La riforma delle Province entra ufficialmente nel caos. Slitta infatti a data da destinarsi la presentazione degli elenchi del personale da trasferire alle altre amministrazioni: operazione che il cronoprogramma voluto dal governo aveva fissato al 31 marzo. Nessuno degli enti, come ha anticipato il «Messaggero» , è in grado di rispettare l'obbligo previsto dalla legge. Un ritardo che non è soltanto responsabilità delle Province. Le Regioni hanno a loro volta ignorato le scadenze imposte per la riorganizzazione delle funzioni provinciali attraverso l'approvazione di leggi mirate. E senza riorganizzazione delle funzioni, non è possibile definire l'organico e di conseguenza gli eventuali esuberi e i trasferimenti.Tra i ventimila posti su circa 54 mila che il governo vuole tagliare, gli elenchi dovrebbero definire il destino di tutti i dipendenti che non hanno i requisiti per andare in pensione entro il 31 dicembre 2016 e che non lavorano nei centri per l'impiego, uffici che dovrebbero invece confluire nella futura Agenzia nazionale per l'occupazione.
Soltanto la Toscana ha finora rispettato i tempi. Ma nulla è stato anticipato dalle altre Regioni, a pochi giorni dalla scadenza del 31 marzo. Molto più probabile che i provvedimenti previsti dalla riforma del sottosegretario alla Presidenza del consiglio, Graziano Delrio, siano rinviati a settembre. Soprattutto nelle regioni come Veneto, Liguria, Marche, Umbria, Campania e Puglia dove a maggio si vota per il rinnovo dei consigli.
A differenza della riorganizzazione del personale, i tagli alla spesa provinciale imposti dal governo sono al contrario effettivi. Con pesanti conseguenze sui servizi ai cittadini che le Province hanno finora garantito. Uno dopo l'altro gli enti si ritrovano sull'orlo del dissesto. Mentre i conseguenti ritardi nei pagamenti dei fornitori stanno mettendo in difficoltà numerose imprese private. Le situazioni più gravi a Biella. E a Vibo Valentia, dove le conseguenze del dissesto hanno travolto anche i dipendenti provinciali: non ricevono gli stipendi da cinque mesi, ma nessun rappresentante del governo né della Regione sembra interessato alla loro protesta.

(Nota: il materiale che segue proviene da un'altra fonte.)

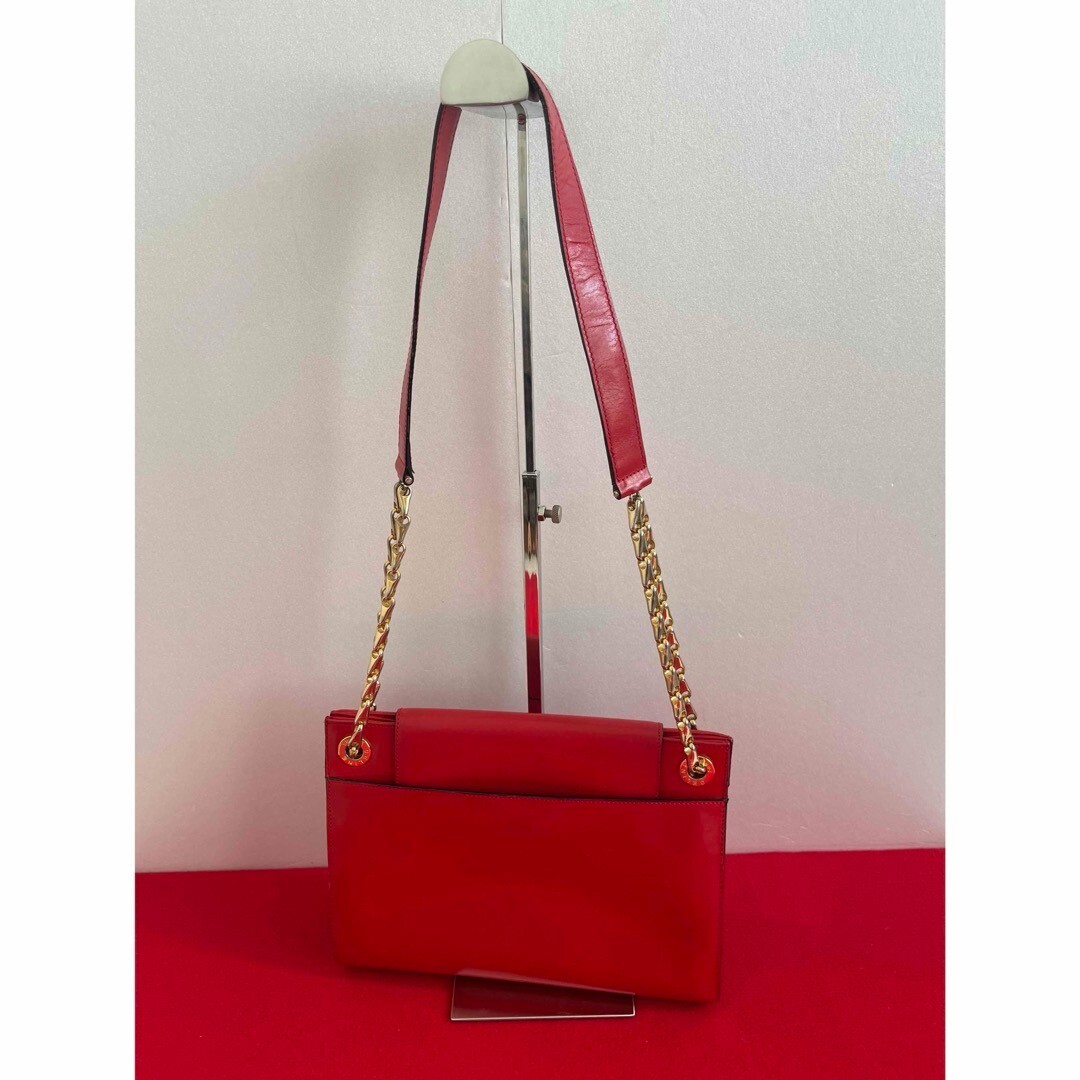 CELINE Vintage Chain Shoulder Bag Leather Red authentic Used CELINE Vintage Chain Shoulder Bag Leather Red authentic Used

Pesanti effetti anche in Sicilia dove la riforma delle Province e il loro commissariamento ha provocato l'immediato taglio dei servizi ai disabili: «L'assistenza scolastica per i casi molto gravi è passata da un rapporto di un operatore ogni studente a un operatore ogni 4 ragazzi disabili», racconta Angela Rendo, referente in Sicilia del Coordinamento nazionale famiglie disabili gravi: «Questo non solo ha causato licenziamenti di massa per chi lavorava in questo settore, ma anche servizi peggiori. Gli operatori, ad esempio, non possono contemporaneamente dare da mangiare a tutti i ragazzi gravi. E in classe i nostri figli non sono più assistiti adeguatamente. Per non parlare dei servizi di trasporto scolastico, mentre i palazzoni provinciali con i loro costi di gestione sono ancora tutti lì».
Il risultato, come aveva denunciato l'inchiesta de l'Espresso «Gattopardi di Provincia» , è paradossale: di fronte alla mancata riorganizzazione delle funzioni e dell'organico, e al taglio netto delle risorse statali (più del 50 per cento in tre anni), le Province riformate da Graziano Delrio sono costrette a sopprimere servizi ai cittadini, mentre il costo per gli stipendi a dirigenti e dipendenti resta invariato. Insomma, è il caos.